Study findings show that about three-fourth of the households are food secure and about one-fourth are food insecure. However, the surplus and shortfall indices tell us real story. According to the both indices, about 21% of the households fall below the security line and about 48% are fully food secure, while a reasonable number of farm households (31%) unfortunately are at the edge of food security line, falling neither below nor above the reference line. This implies that due to high dependence on climate-sensitive agriculture and low access to adaptive resources, there are chances that many farm households may become food insecure in near future. On the other hand, only 48% of the farm households were found food secure. Similar trends are observed in some parts of Punjab, Pakistan [17] and other developing countries with similar conditions such as Nigeria [52–54]. Further, the food insecurity gap shows that food insecure households were consuming 5% per capita less calories than food secure household. In line with other studies [55–56], the problem of food insecurity was 6% severe in the study area. However, the method used to calculate per capita average daily caloric intake may have some limitations as it does not directly capture the dietary intake of different age and gender groups among households and totally rely on household head’s consumption pattern. Therefore, the results generated by may be overstated or understated due to several reasons. For example, some of the studies found that Adult Consumption Equivalents calculations were 20% above or below than actual dietary intake [43]. However, these results may be improved through carefully constructing the questionnaire to capture background information and caloric intake of respondent household head.

Using a household survey of 576 farmers from different agro-climatic zones of Punjab, Pakistan, this study evaluates the small farming households’ food security status and its determinants including role of market accessibility factors in defining food security at rural household level. The study findings show that the food security situation of farm household is not convincing as still a large fraction of farm households are either food insecure or fall at the edge of food security line. Further, increase in food prices, crop diseases and lack of water are major risks perceived by farmers that may affect their livelihood and food security status. These most important risks are directly or indirectly associated with current changes in climate and suggest the need for proper action to protect livelihoods of small farming communities, which are totally dependent on agriculture sector. Adaptation of the current farming systems and livelihoods to these risks could be one of the options to cope with current and upcoming problems. However, for this purpose, efforts are required both at local as well as at policy level. Further, family size, monthly income, increased food prices, debt, health expenses and more importantly market-related factors like distance to paved road and transportation cost significantly influence the household’s food security status. All this implies that more investment and focus need to be given on food distribution system and infrastructure.

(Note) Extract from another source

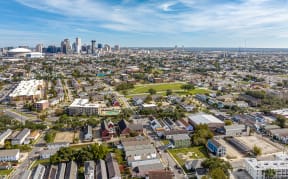 an aerial view of the city and the downtown skyline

Easy access to market and improvement in the infrastructure will not only reduce the transportation cost but it will also improve the availability of cheap food products at local level. Further, it will also increase household purchasing power and will improve food security status at local level. In this regard, local governments also need to prioritize the provision of basic health facilities in rural areas in order to reduce the health expenses of low-income groups that ultimately may have positive impact on food security. In addition, off-farm employment opportunities need to be generated in rural areas to accommodate surplus labor from agriculture sector in order to enhance labor productivity in agriculture sector and farm income.